- [Exercise requirements] Write out exactly, with both ends included, the lines that run from the line containing "Bruno Mars, Philip" to the end of the entries. Pictures are not part of the answer.

+ + + + + + +

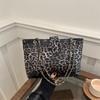 2025 Winter New Fashion Leopard Print Shoulder Bag Underarm Bag High Value Tote Bag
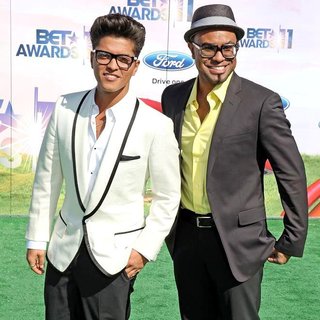 Bruno Mars, Philip Lawrence in BET Awards 2011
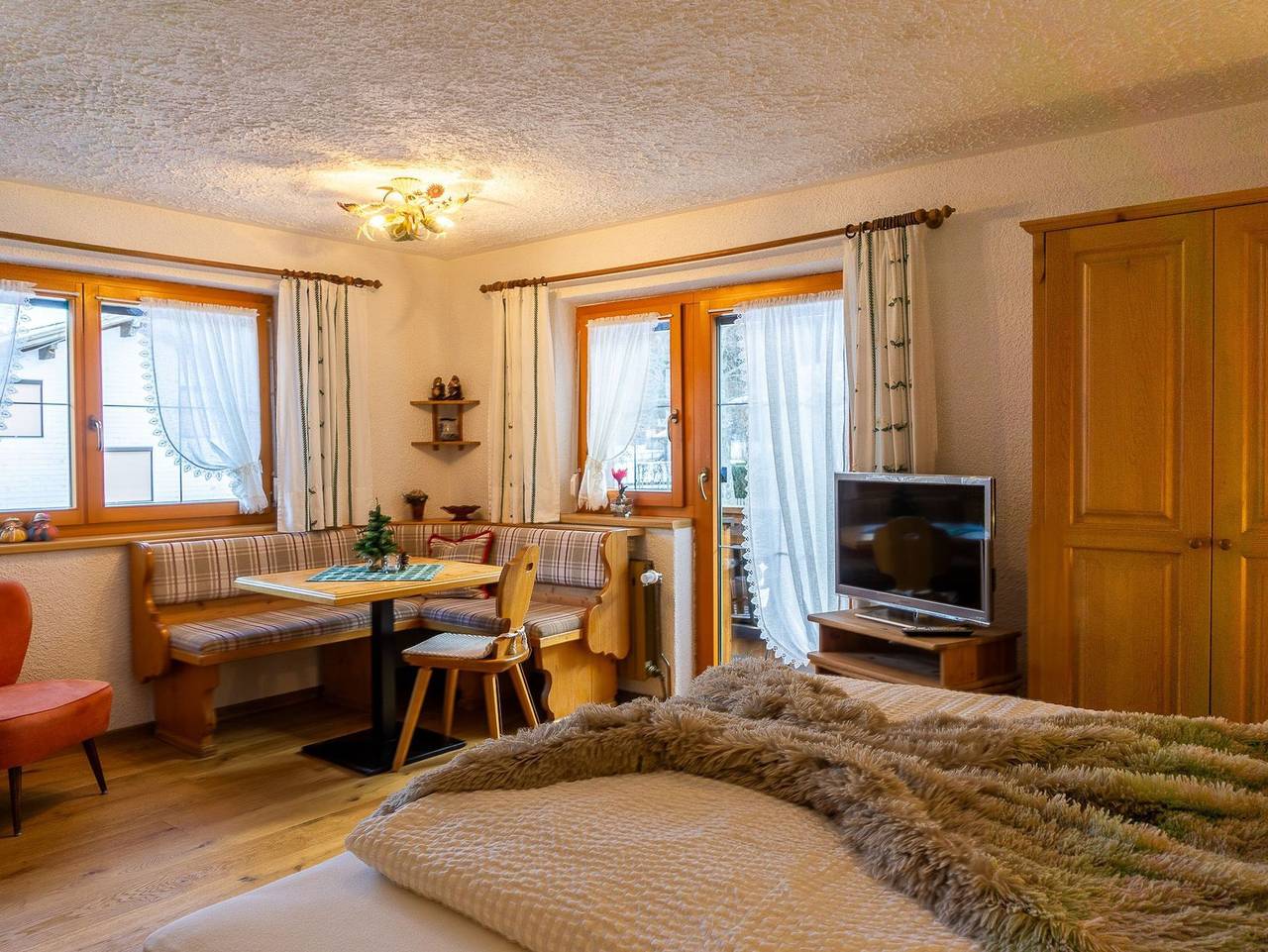 Ganze Ferienwohnung, Gästehaus Schmid - Doppelzimmer in Grän, Allgäuer Alpen (Österreich)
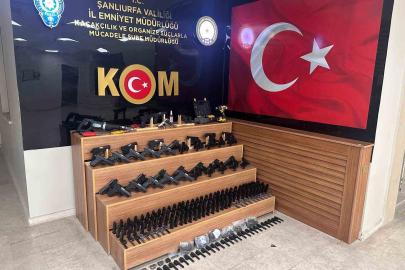 Şanlıurfa’da 37 tabanca ve çok sayıda silah parçası ele geçirildi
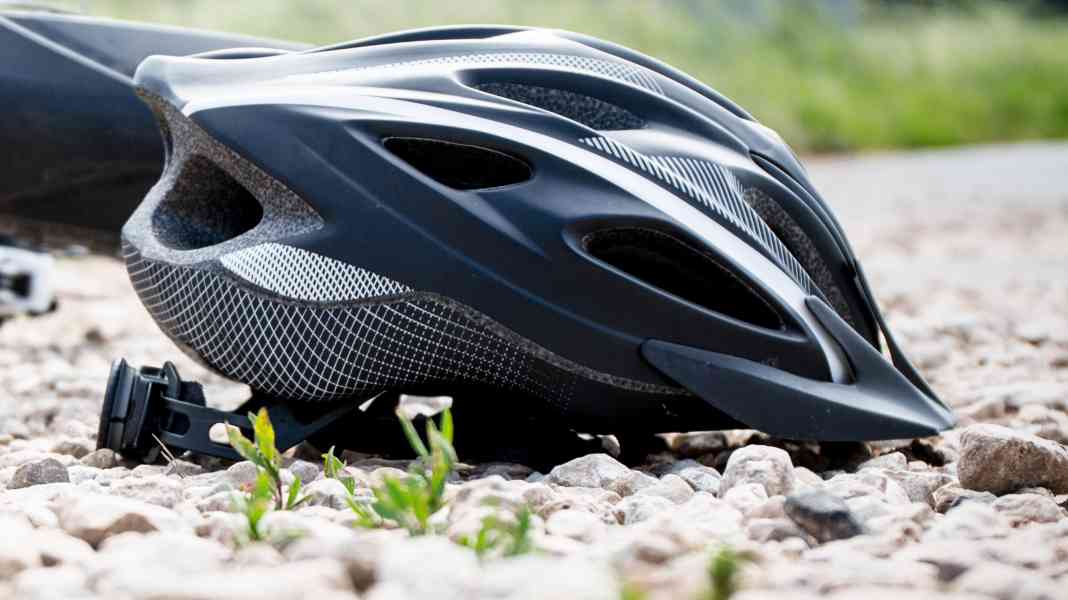 Le port du casque obligatoire pour les utilisateurs de vélos électriques : mesure sensée ou politique symbolique ?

+ + + + + + +

- [Solution below]
 Bruno Mars, Philip Lawrence in BET Awards 2011
 Ganze Ferienwohnung, Gästehaus Schmid - Doppelzimmer in Grän, Allgäuer Alpen (Österreich)
 Şanlıurfa’da 37 tabanca ve çok sayıda silah parçası ele geçirildi
 Le port du casque obligatoire pour les utilisateurs de vélos électriques : mesure sensée ou politique symbolique ?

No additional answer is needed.